30. April 1945: Soldaten der Wehrmacht schießen auf die in der Freiheitsstraße - auf der Höhe der Kreuzung mit der heutigen 30.-April-Straße - den Vormarsch der "Resistenza" feiernden unbewaffneten Bürgerinnen und Bürger. Acht Menschen kommen dabei ums Leben. Etliche weitere werden verletzt.

GruppenfotoVon links: Bürgermeisterin Katharina Zeller, der beigeordnete Vizepräfekt beim Regierungskommissariat für die Provinz Bozen, Gianluca Facchini, und Oberst Yuri Franco Di Profio, Kommandant des Alpini-Regiments Julia, bei der heutigen Gedenkfeier auf dem Theaterplatz.Um die Erinnerung an die Opfer dieses sinnlosen Gewaltausbruchs wachzuhalten und gleichzeitig die Werte der Freiheit, der Demokratie und der Gleichberechtigung zu feiern, fand heute Vormittag am Theaterplatz die traditionelle Gedenkfeier mit Kranzniederlegung statt. Mit dabei waren auch Gianluca Facchini, beigeordneter Vizepräfekt beim Regierungskommissariat für die Provinz Bozen, Bürgermeisterin Katharina Zeller sowie der Kommandant des Alpini-Regiments Julia, Oberst Yuri Franco Di Profio.

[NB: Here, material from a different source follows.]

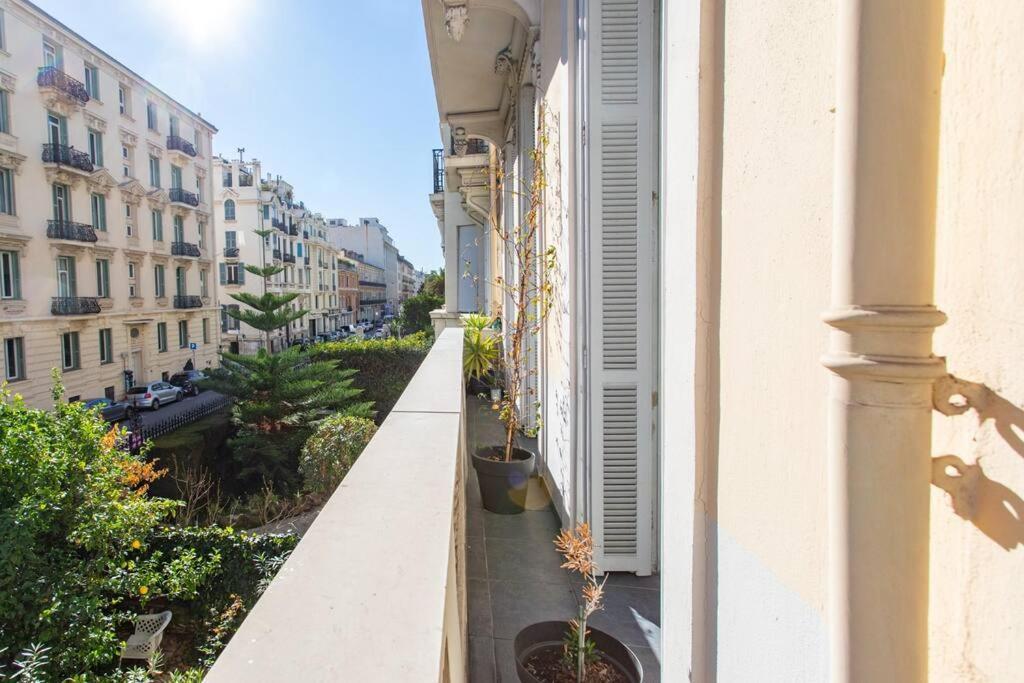 #22 Emma Suite 2Bdr Balcony Center Town 2Mins Tramway Nisa Exterior foto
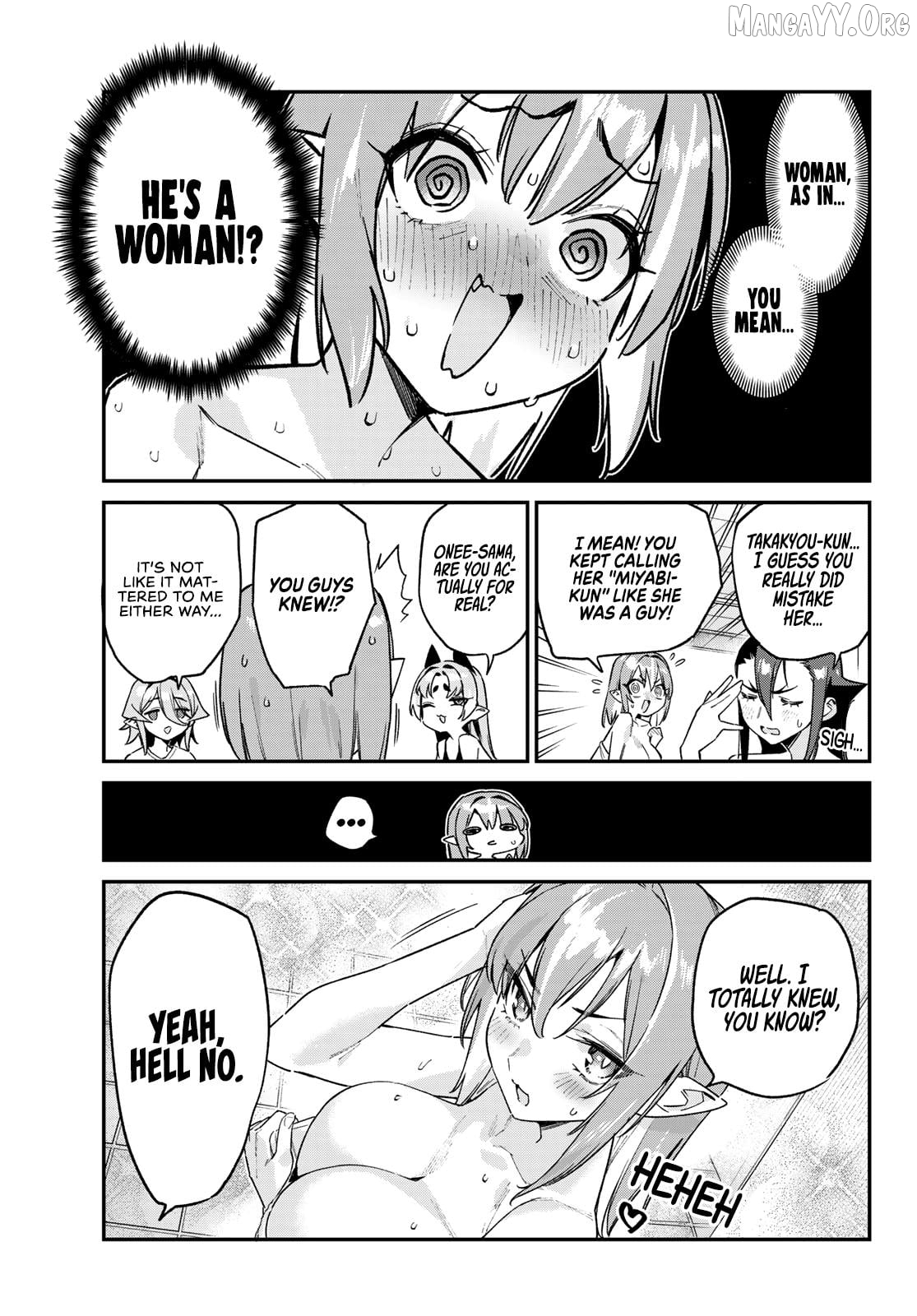 Manga page 8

"Wir sind heute hier versammelt, um an den 30. April 1945 zu erinnern – ein Tag, der sich tief in die Geschichte Merans eingeschrieben hat und der bis heute in unserer gemeinsamen Erinnerung weiterlebt. In jenen Tagen ging der Krieg zu Ende. Europa stand an der Schwelle zu einem Neuanfang, getragen von der Hoffnung auf Freiheit und Frieden. Auch hier war diese Hoffnung spürbar. Und doch traf die Gewalt gerade in diesen Stunden noch einmal: Unschuldige Menschen verloren ihr Leben, und eine tiefe Wunde blieb in unserer Stadt zurück. Dieses Gedenken ist mehr als ein Blick in die Vergangenheit. Es ist ein Auftrag für uns alle. Denn Erinnerung bedeutet nicht nur, der Opfer zu gedenken – sie bedeutet auch, Verantwortung für unser Handeln heute zu übernehmen", betonte Bürgermeisterin Zeller in ihrer Ansprache.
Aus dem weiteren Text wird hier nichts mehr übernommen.